Every line of the listing is returned unchanged, and every picture is dropped.

> _Data shown_
--------
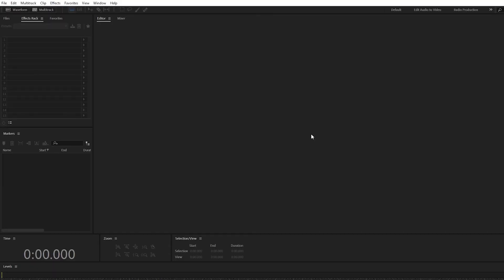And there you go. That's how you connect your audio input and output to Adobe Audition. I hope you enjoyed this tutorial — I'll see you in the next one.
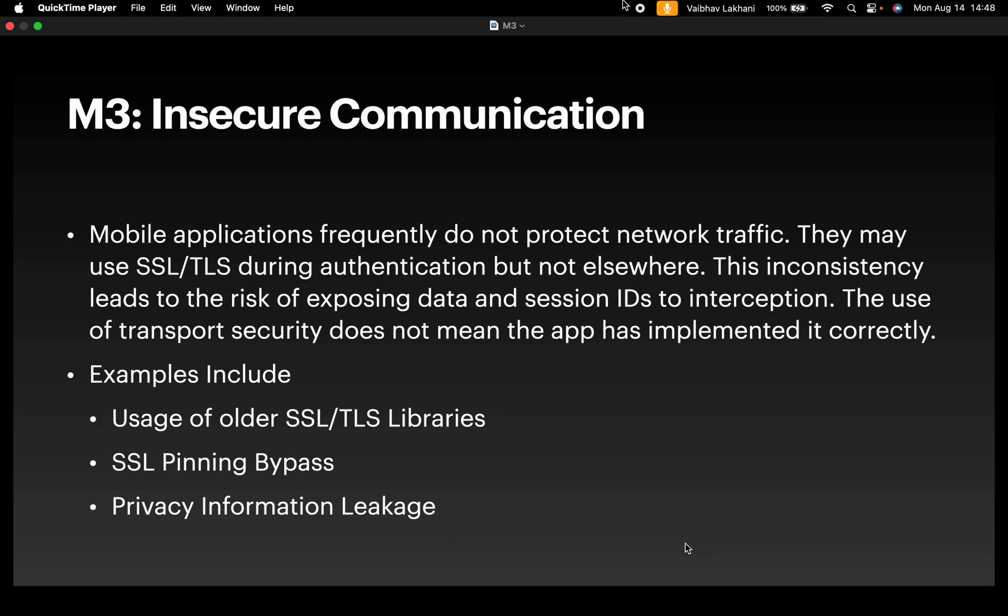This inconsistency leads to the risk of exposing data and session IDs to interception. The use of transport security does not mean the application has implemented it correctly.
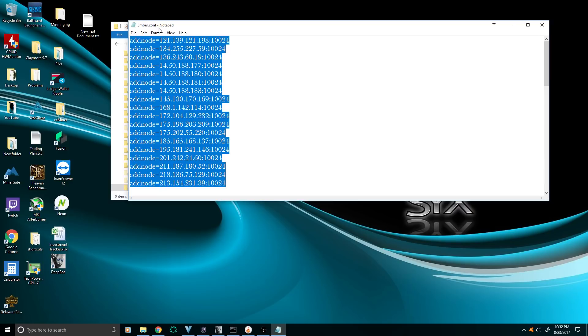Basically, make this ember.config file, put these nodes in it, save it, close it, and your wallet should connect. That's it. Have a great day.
--------
> _Response to the task_
And there you go. That's how you connect your audio input and output to Adobe Audition. I hope you enjoyed this tutorial — I'll see you in the next one.
This inconsistency leads to the risk of exposing data and session IDs to interception. The use of transport security does not mean the application has implemented it correctly.
Basically, make this ember.config file, put these nodes in it, save it, close it, and your wallet should connect. That's it. Have a great day.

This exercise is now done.